I still vape unflavored at least 50% of the time.

Sent from my SM-A510F using Tapatalk

Reactions: Like 2


----------



## antonherbst (25/9/17)

I am alot more broke now than before i started vaping.. But i am off hookah now for over a year and its wonderful to have taste back and be able to jog now on a regular basis. As for flavors i started out with pure fruits and now more into menthol fruits. Oh and just i an now more broke than before.

Reactions: Like 2


----------



## Puff the Magic Dragon (25/9/17)

When I started vaping I used only tobacco for a couple of weeks. For me it didn't taste close to smoking stinkies, so I moved on to mainly fruity flavours. Although I didn't touch another stinky from day one, I think the move away from tobacco flavours was my way of proving to myself that I had given up cigarettes forever. I think that it represented a total break with my smoking past.
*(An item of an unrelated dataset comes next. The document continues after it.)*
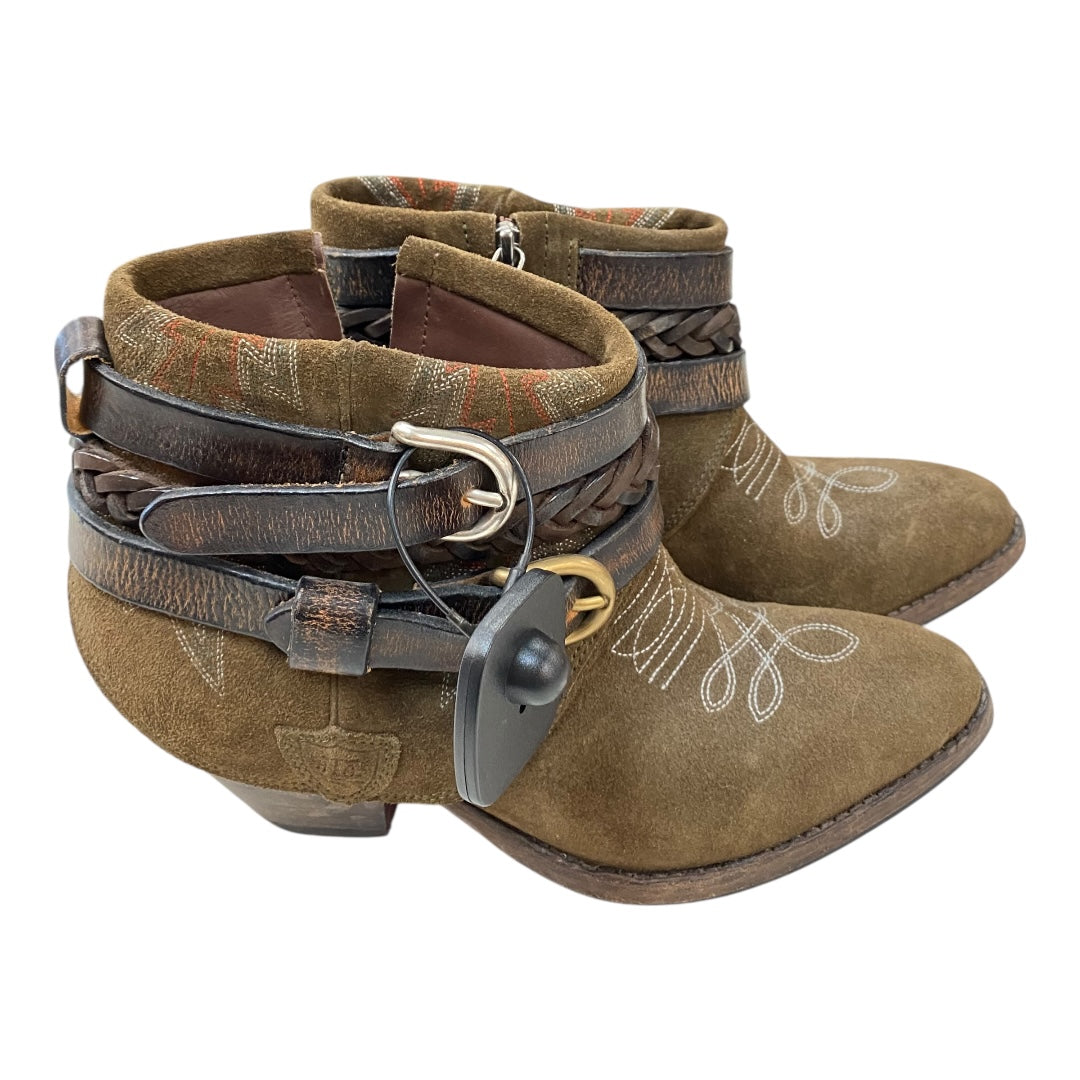 Boots Ankle Heels By HTC HOLLYWOOD TRADING CO In Brown, Size:6.5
I now only DIY and make mostly fruits, some menthol, and now and again the odd dessert. Never tobacco. 

I am resigned to the fact that my ability to appreciate complex flavours and tastes is somewhat limited. The concept of "top notes" and "a hint of grape grown on the northern slopes" is totally foreign to me. The best I can hope for is something like....it tastes like the grapes that I like ...or... I don't particularly like this particular grape flavor. 
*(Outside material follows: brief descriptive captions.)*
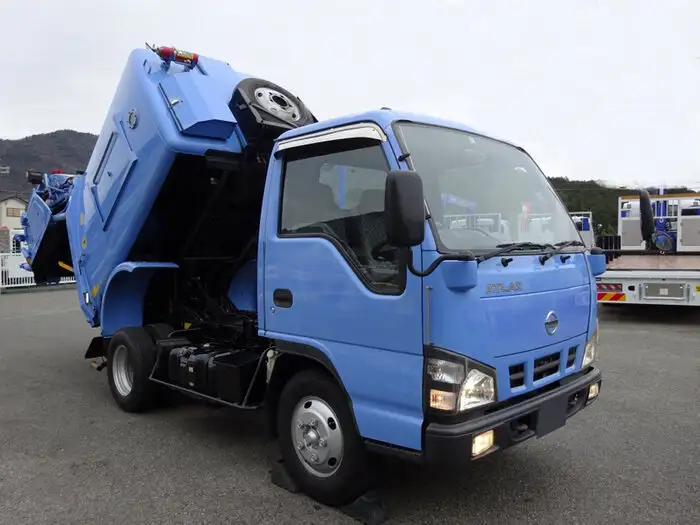 日産 アトラス 小型 パッカー車 プレス式 PB-AKR81ANの中古トラック画像3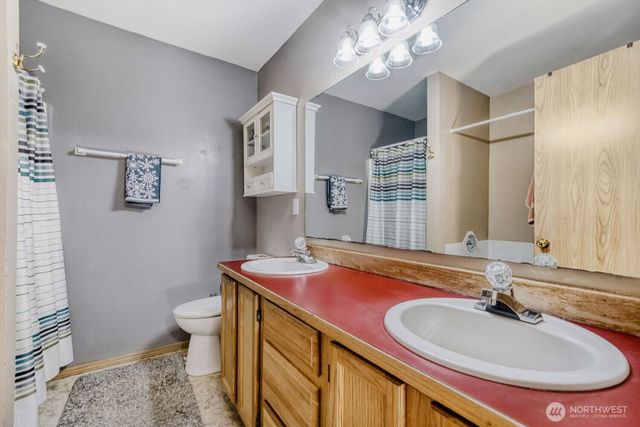 8823 W Mall Drive, Everett, WA 98208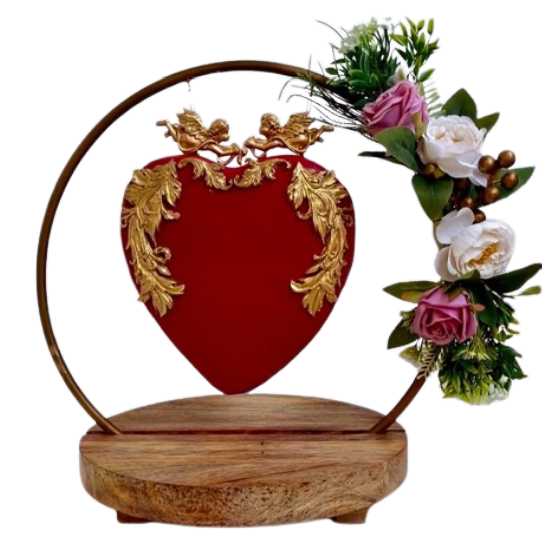 Hanging Heart Structure Cake Stand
I don't view this handicap as a curse, but see it as a bit of a blessing. It means that I like 90% of the juices I make, and don't have to chase the perfect juice. 
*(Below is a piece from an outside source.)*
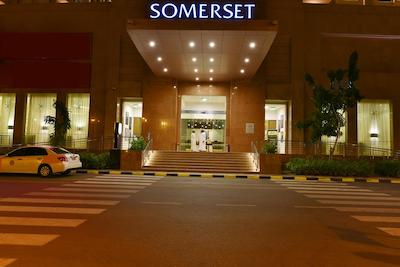 لوتیو سویتز مسقط ممبر آف رادیسون ایندیویجال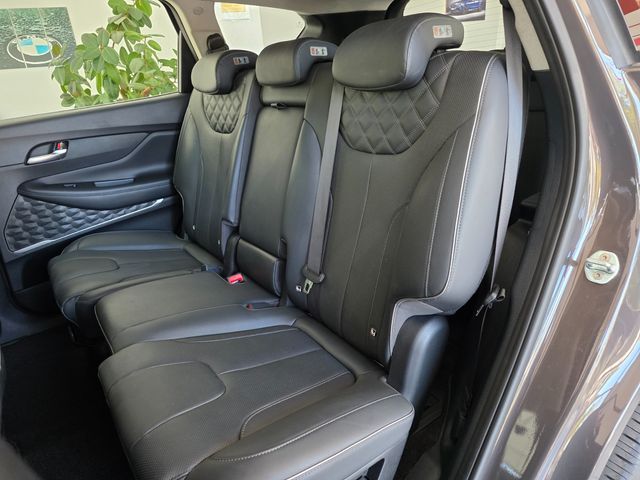 Hyundai Santa Fe 1.6 TGDi HEV Maxx Auto 4x2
An article in "Scientific American " states that ..."Although the percentages vary around the world and with different populations of people, around 25 to 30 percent of people are thought to be supertasters, 40 to 50 percent average tasters, and 25 to 30 percent non-tasters".

I guess I fall somewhere in the average tasters group.

I must admit that the Skyline and Hadaly have definitely improved the taste/flavor of juice for me.

Reactions: Like 3


----------



## Mida Khan (25/9/17)

Started with tobacco flavours, moved to desserts and now really a beverage fan like coffee, sodas, smoothies, frappes. But can't settle on an Adv, always chopping and changing!


----------



## shabbar (25/9/17)

5 years later and still haven't found my adv. 

Started off with menthols then to desserts , just recently I've been vaping cool fruits.

Reactions: Like 1 | Can relate 1


----------